We already know that format(int(x), '04b') is going to take x and convert to binary with four places.

We know that " ".join() is going to take whatever is inside and put it back together separated by a space.  

And we're left with the list comprehension of do something for each digit in encodings["decimal"], which we need to convert to a string first because you can't iterate an int.

Ok, let's put all the code back together and test it out.

import sys

def convert(conv_type, str_to_conv):
# Convert input(s) into decimal as a starting place for all encodings
if conv_type == 'bin':
decimal = int(str_to_conv, 2)
elif conv_type == 'bcd':
decimal = int(str_to_conv)
elif conv_type == 'chr':
decimal = ord(str_to_conv)
elif conv_type == 'dec':
decimal = int(str_to_conv)
elif conv_type == 'hex':
decimal = int(str_to_conv, 16)
elif conv_type == 'oct':
decimal = int(str_to_conv, 8)
# Set up dict to track all conversions
encodings = {"decimal": decimal}

# Convert to binary and inverse
encodings["binary"] = format(encodings["decimal"], '08b')
encodings["binary_inv"] = ''.join('1' if x == '0' else '0' for x in encodings["binary"])

# Convert to decimal inverse
encodings["decimal_inv"] = int(encodings["binary_inv"], 2)

# Convert to hexadecimal and inverse
encodings["hex"] = format(encodings["decimal"],'02x').upper()
encodings["hex_inv"] = format(encodings["decimal_inv"],'02x').upper()

# Convert to octal and inverse
encodings["octal"] = format(encodings["decimal"],'03o').upper()
encodings["octal_inv"] = format(encodings["decimal_inv"],'03o').upper()

# Convert to ASCII char and inverse and replace unprintable chars
if (encodings["decimal"] in range(33, 127) or encodings["decimal"] in range(161,256)) and encodings["decimal"] != 173:
encodings["char"] = chr(encodings["decimal"])
else:
encodings["char"] = 'xxx'

# Convert to BCD
encodings["bcd"] = " ".join(format(int(x), '04b') for x in str(encodings["decimal"]))
encodings["bcd_inv"] = " ".join(format(int(x), '04b') for x in str(encodings["decimal_inv"]))

return encodings

encodings = convert(sys.argv[1], sys.argv[2])
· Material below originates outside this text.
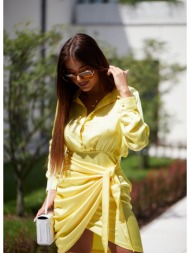yellow shirt dress with tie at the front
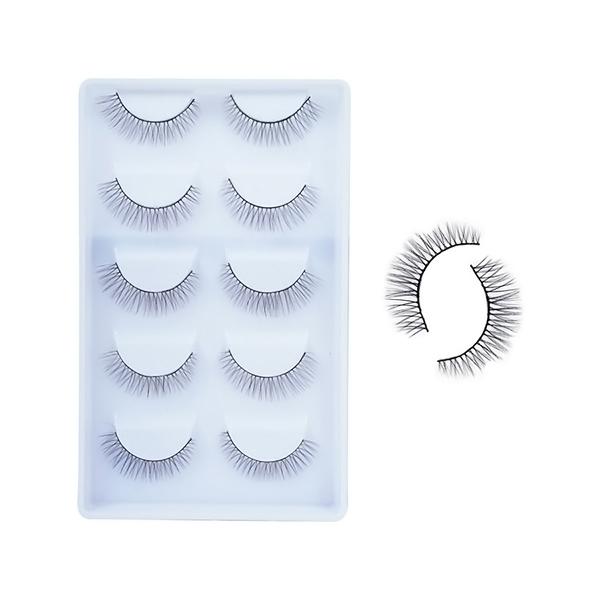 Bronson Professional False Eyelashes Set of 5 Pair 6D Long and Natural 203 Fake False Lashes 1's - Eyelashes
for k, v in encodings.items():
print(f'{k.upper()}: {v}')


So the only thing we have left now is to do a few other conversions to stuff like base64. But these conversions we want to do on the original input, not the conversions to other stuff. i.e. if you run the program with base_convert.py bin 10110110, we want to do a base64 of the binary, not the decimal we converted it to. Or, maybe you do, but I'll let you work that one out on your own.

To do these conversions, we'll need to import the base64 module. Let's take a look at the new code to do base16, base32, base64 and base85 encoding.

# Base16 conversion of input
encodings["b16"] = base64.b16encode(str_to_conv.encode('utf-8')).decode('utf-8')

# Base32 conversion of input
encodings["b32"] = base64.b32encode(str_to_conv.encode('utf-8')).decode('utf-8')

# Base64 conversion of input
encodings["b64"] = base64.b64encode(str_to_conv.encode('utf-8')).decode('utf-8')

# Base85 conversion of input
encodings["b85"] = base64.a85encode(str_to_conv.encode('utf-8')).decode('utf-8')

Nothing too crazy here, for each encoding we're calling base64.xxxencode depending upon which encoding we want. So what's up with the encode('utf-8') and decode('utf-8') stuff. Well, the base64 module requires an input in byte objects and we need to encode it for base64 to process, then decode it to be clean human readable. You could choose to do encode('ascii') instead, but UTF-8 encodes to unicode which can support pretty much any character in the world, not just what's in the limited ASCII characters.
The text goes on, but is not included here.